# unterschiedliche Interpretation - ist das möglich ?



## leoquiere (14. Juni 2005)

Ich soll für einen Freund ein kleines, in php geschriebenes, Paket von Webseiten auf meinem Server (Linux mit Confixx3) installieren. Es ist mit Templates aufgebaut, die je nach Wahl der Sprache anderen Content anzeigen.

Nun zu meinem Problem : Die Seiten laufen bei einem anderen Provider ohne Schwierigkeiten, siehe Anhänge si1.gif und si2.gif.

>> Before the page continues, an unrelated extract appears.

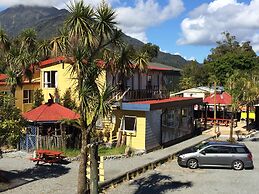 Chateau Backpacker & Motels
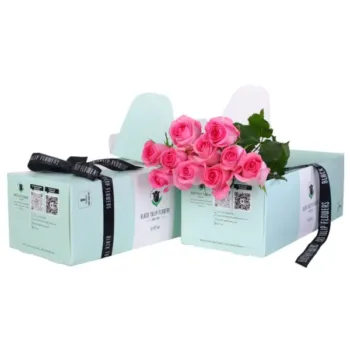 Pink Roses in Green Box Online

Dieser Provider hat die kompletten Dateien selbst auf meinen Server hochgeladen und bei mir werden die Seiten so dargestellt : no1.gif - no 2. gif - es fehlt jeweils der Content

Mir ist es noch nie passiert, dass Webseiten, die bei anderen Servern laufen, bei mir fehlerhaft dargestellt werden. Der Provider, der mir die Seiten hochgespielt hat, meint, es liegt vielleicht daran, dass mein Hoster kein PHP unterstützt, oder keine eigenen PHP-Module oder das etwas nicht korrekt konfiguriert ist.

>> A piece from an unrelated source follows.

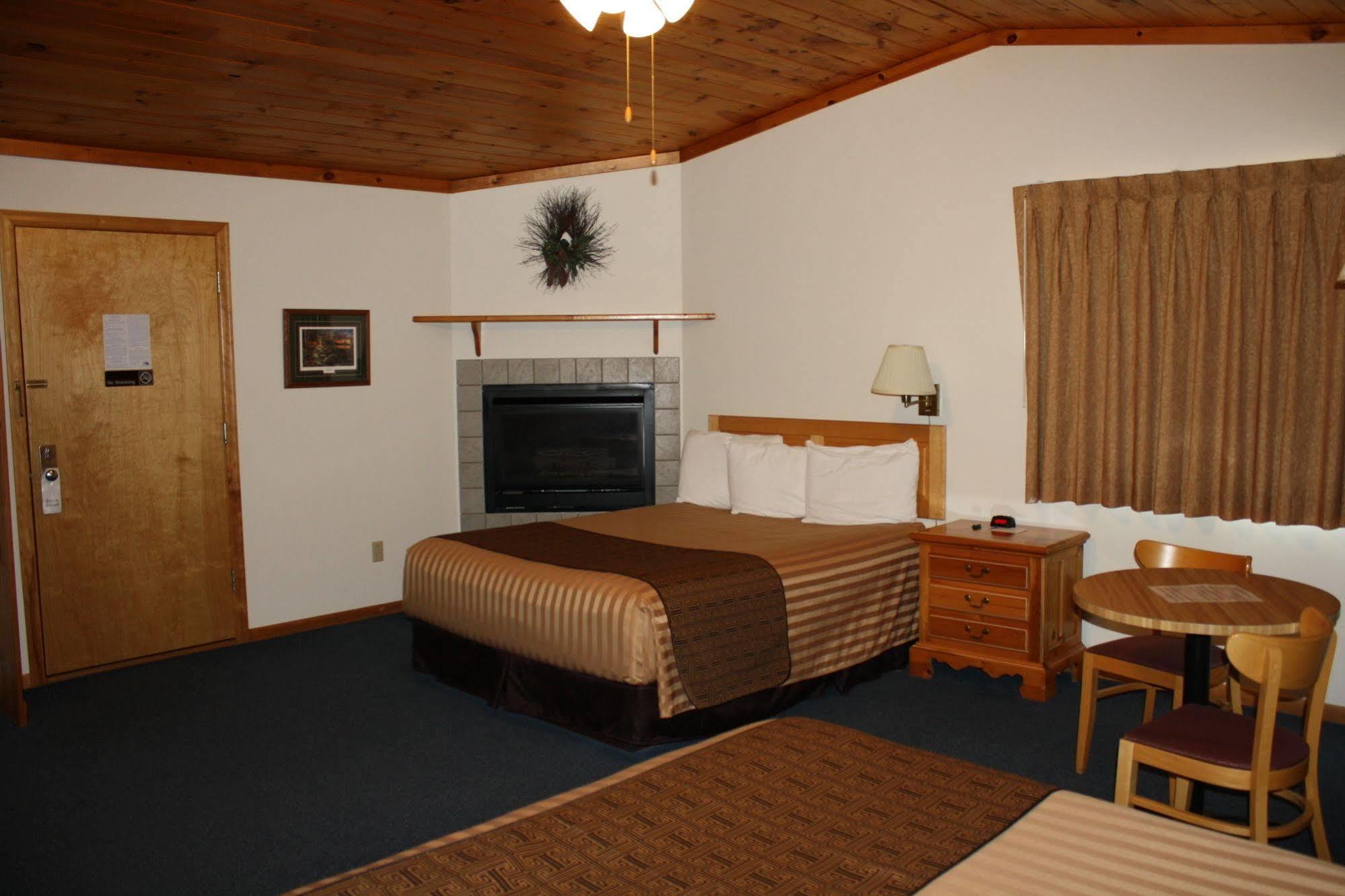 Superior Ridge Resort Motel Schroeder Exteriér fotografie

Das Erste würde ich ausschliessen, bei den anderen beiden Dingen weiss ich leider nicht, wo ich konkret ansetzen muss.

Wer kann mir Hilfe zu diesem komplexen Problem geben ?

Leo


----------



## BSA (14. Juni 2005)

Was ist wenn beide Provider unterschiedliche PHP-Versionen haben. Dann kann es doch sein das du deinen Quellcode nur auf eine höhere version optimiert hast, oder andersrum. Das solltest du mal checken!


----------



## leoquiere (14. Juni 2005)

BSA hat gesagt.:
			
		

> Was ist wenn beide Provider unterschiedliche PHP-Versionen haben.


@BSA - danke für Deinen Hinweis

Gibt es eine Möglichkeit, die php Version des fremden Servers festzustellen ? Ich kenne nur die phpinfo() für meinen eigenen Server.

Leo


----------



## leoquiere (17. Juni 2005)

niemand, der weiterhelfen kann ?


----------



## Gumbo (17. Juni 2005)

Die phpversion()-Funktion gibt die installierte PHP-Versionsnummer wieder.


----------



## BSA (18. Juni 2005)

In der phpinfo() Funktion werden auch die versionsinformationen ausgegeben!


----------



## leoquiere (14. Juli 2005)

@BSA - @Gumbo : ich weiss nicht, ob Ihr die Frage richtig gelesen hattet ?

Wie kann ich die Informationen von einem fremden Server abrufen ? Bei meinem eigenen kann ich das mit phpinfo().


----------



## Helmut Klein (14. Juli 2005)

Einfach mal eine Datei oder ein Verzeichnis aufrufen, welches es nicht gibt. Sofern der Apache informationsfreudig konfiguriert ist steht unten einiges über installierte Module.
Ansonsten sehe ich keine andere Möglichkeit, außer über ein php-script und somit phpinfo() bzw. das Befragen des Admins.


----------



## leoquiere (15. Juli 2005)

@Helmut Klein - danke

Der Server ist nicht so freundlich und zeigt mir mehr als 404.

Da komme ich, wie ich schon vermutet hatte, nicht weiter. Hilfe von dem anderen Provider ist nicht zu erwarten.


----------